━━ Data supplied ━━
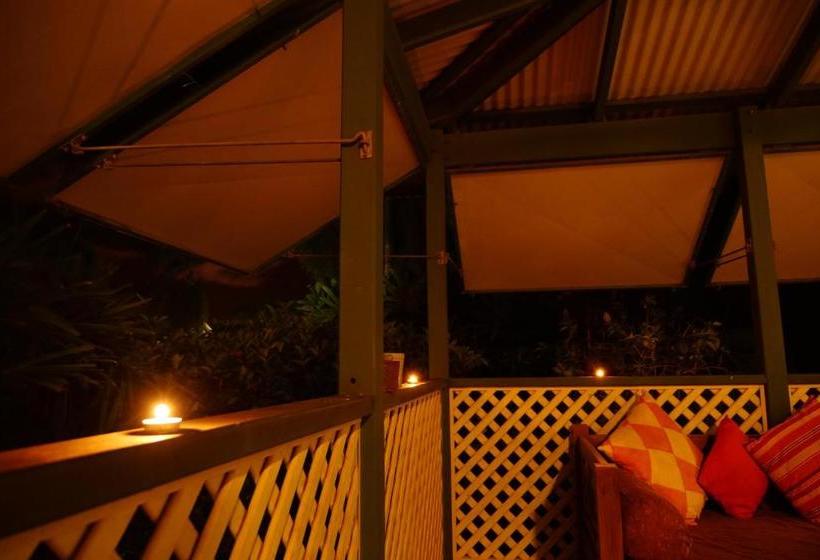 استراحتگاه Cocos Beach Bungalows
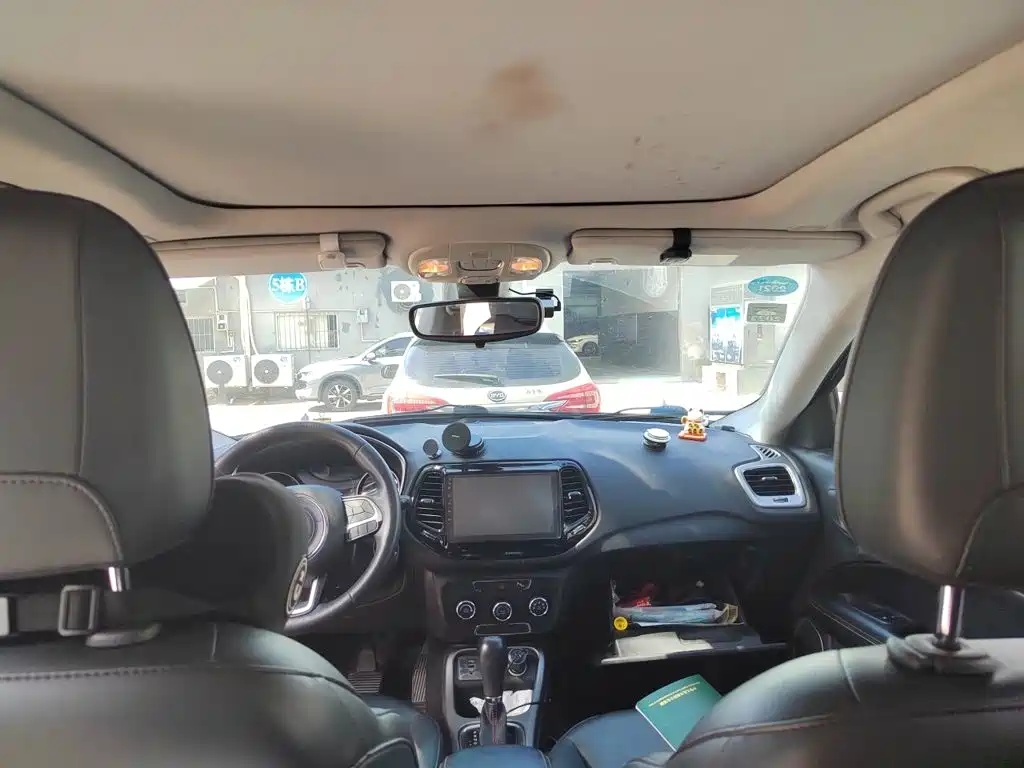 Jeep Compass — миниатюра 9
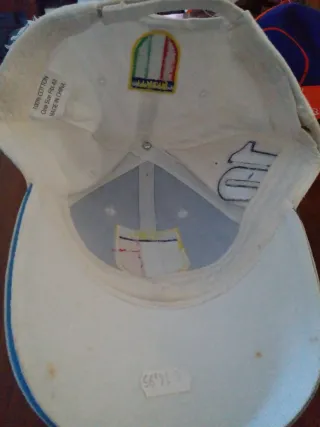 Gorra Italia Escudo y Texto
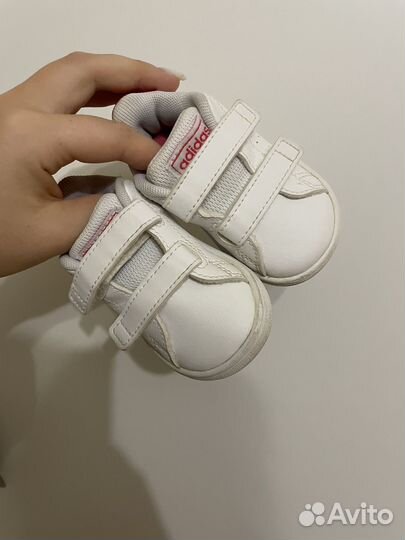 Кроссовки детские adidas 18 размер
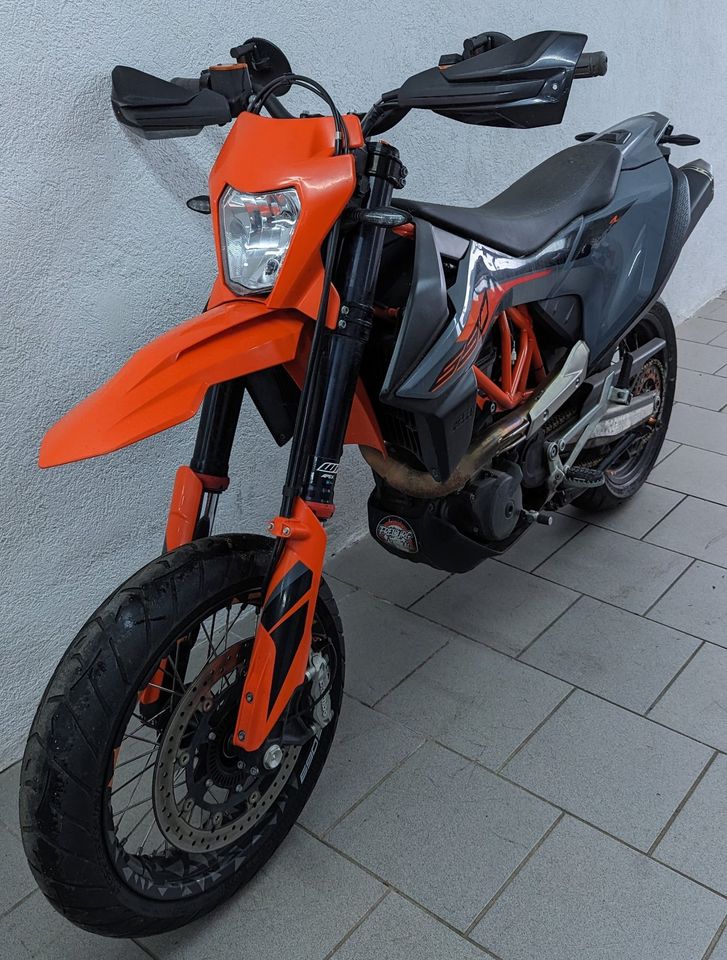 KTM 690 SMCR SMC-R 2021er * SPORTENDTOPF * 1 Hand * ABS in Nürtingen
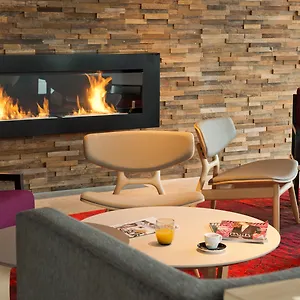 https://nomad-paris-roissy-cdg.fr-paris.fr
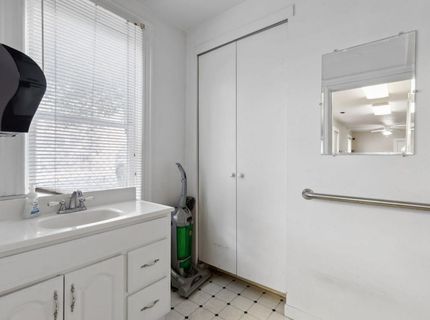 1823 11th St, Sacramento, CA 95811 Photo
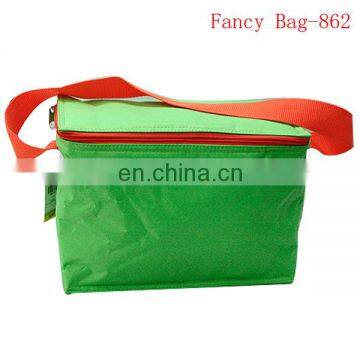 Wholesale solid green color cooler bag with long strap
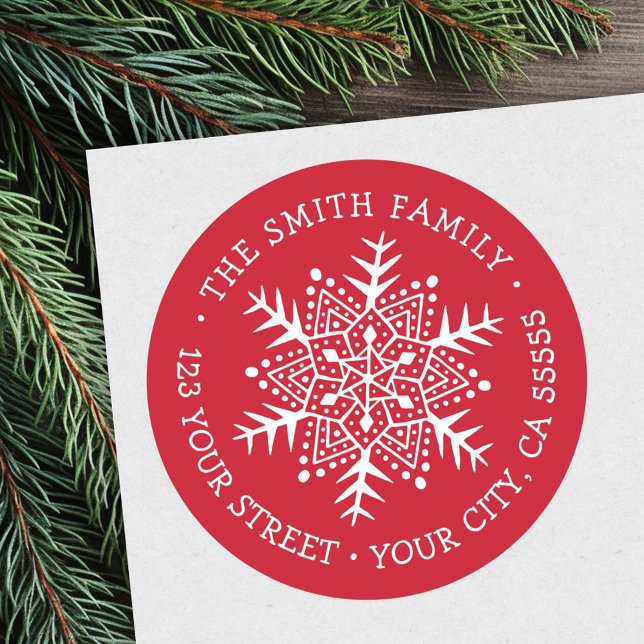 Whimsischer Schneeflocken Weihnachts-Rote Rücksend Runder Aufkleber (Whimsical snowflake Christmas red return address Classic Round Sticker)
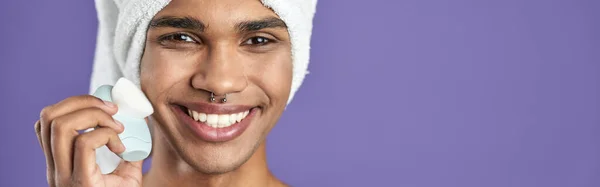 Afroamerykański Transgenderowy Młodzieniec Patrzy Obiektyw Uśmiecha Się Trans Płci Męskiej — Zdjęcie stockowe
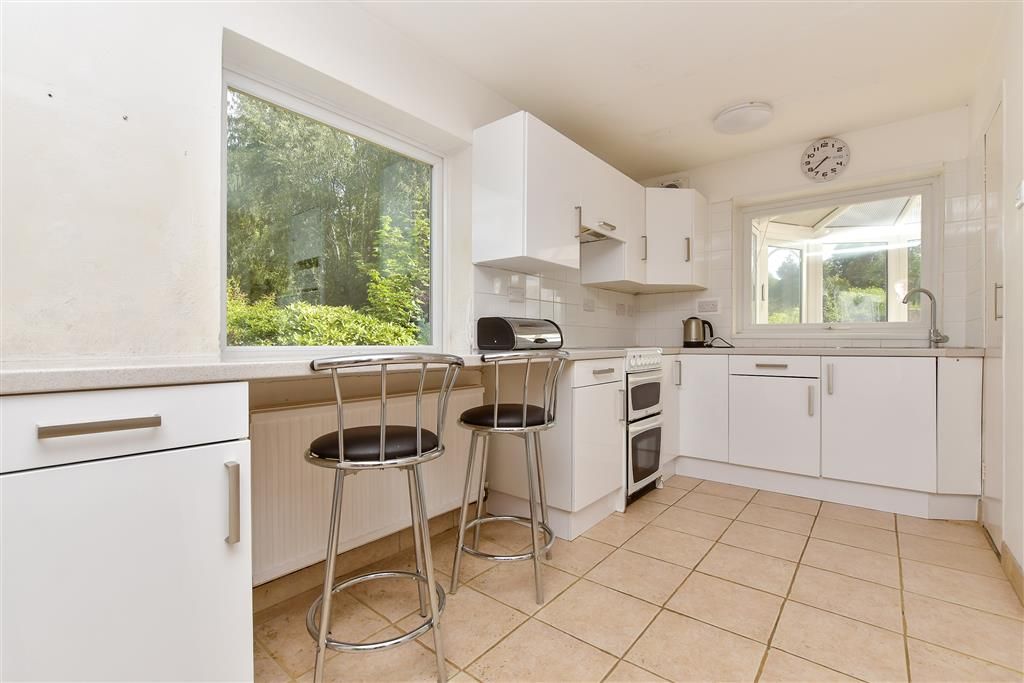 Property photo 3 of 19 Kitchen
━━━
(To do) In full and without changes, repeat the listing above, but not its pictures.

(Answer for this exercise)
 استراحتگاه Cocos Beach Bungalows
 Jeep Compass — миниатюра 9
 Gorra Italia Escudo y Texto
 Кроссовки детские adidas 18 размер
 KTM 690 SMCR SMC-R 2021er * SPORTENDTOPF * 1 Hand * ABS in Nürtingen
 https://nomad-paris-roissy-cdg.fr-paris.fr
 1823 11th St, Sacramento, CA 95811 Photo
 Wholesale solid green color cooler bag with long strap
 Whimsischer Schneeflocken Weihnachts-Rote Rücksend Runder Aufkleber (Whimsical snowflake Christmas red return address Classic Round Sticker)
 Afroamerykański Transgenderowy Młodzieniec Patrzy Obiektyw Uśmiecha Się Trans Płci Męskiej — Zdjęcie stockowe
 Property photo 3 of 19 Kitchen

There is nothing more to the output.